CLAIM: Critics of the Bible note that John writes of “the four corners of the earth” (Rev. 7:1). They argue that this demonstrates that the authors of Scripture believed in a flat earth. Is this the case?
RESPONSE: This expression (“the four corners”) is an ancient idiom to refer to the entirety of the Earth. It is similar to referring to the four points of a compass. We see the same expression in Ezekiel 7:2, which refers to the “four corners of the land.” Of course, ancient Israel wasn’t a square in any sense; instead, the author was merely trying to communicate that the end would come upon the entire nation. In other passages, the biblical authors refer to the Earth as a circle—not a square. For instance, in Isaiah 40:22, we read that God “sits above the circle of the earth.” In Proverbs 8:27, we read that God “inscribed a circle on the face of the deep” (c.f. Job 26:10). For these reasons, Osborne explains that the four corners of the Earth is “simply an idiom and no more.”
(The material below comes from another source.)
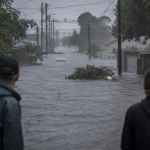 Rua alagada e moradores observando os efeitos de uma tempestade em município do Rio Grande do Sul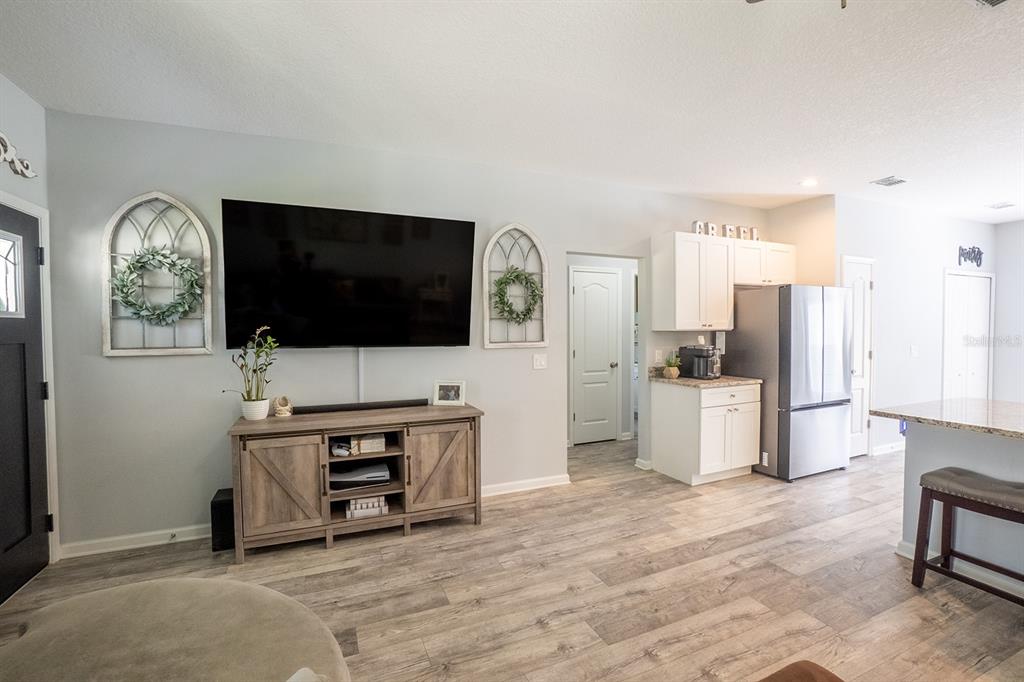 A living room with a wall-mounted television, wooden media console, and an adjacent kitchen area — 10410 ZIGLER AVENUE, HASTINGS, FL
Recently, a Sports Illustrated article referred to soccer spreading to “the four corners of the earth.” No one would claim that this writer honestly believes in a flat Earth; it’s just an idiom. In the same way, a modern meteorologist might refer to the “sun rising” at 6:53 am. By this, the meteorologist obviously does not mean that the sun rotates around the Earth. Instead, this too is just a common idiom.
Finally, it’s rather odd that critics flock to this passage when the very next verse refers to the “rising of the sun” (Rev. 7:2). Why don’t critics balk at this expression? Do they really believe that the Earth is stationary, and the sun moves over the horizon? Of course not. These are all idiomatic expressions that have been common throughout history.
 Grant R. Osborne, Revelation, Baker Exegetical Commentary on the New Testament (Grand Rapids, MI: Baker Academic, 2002), 305.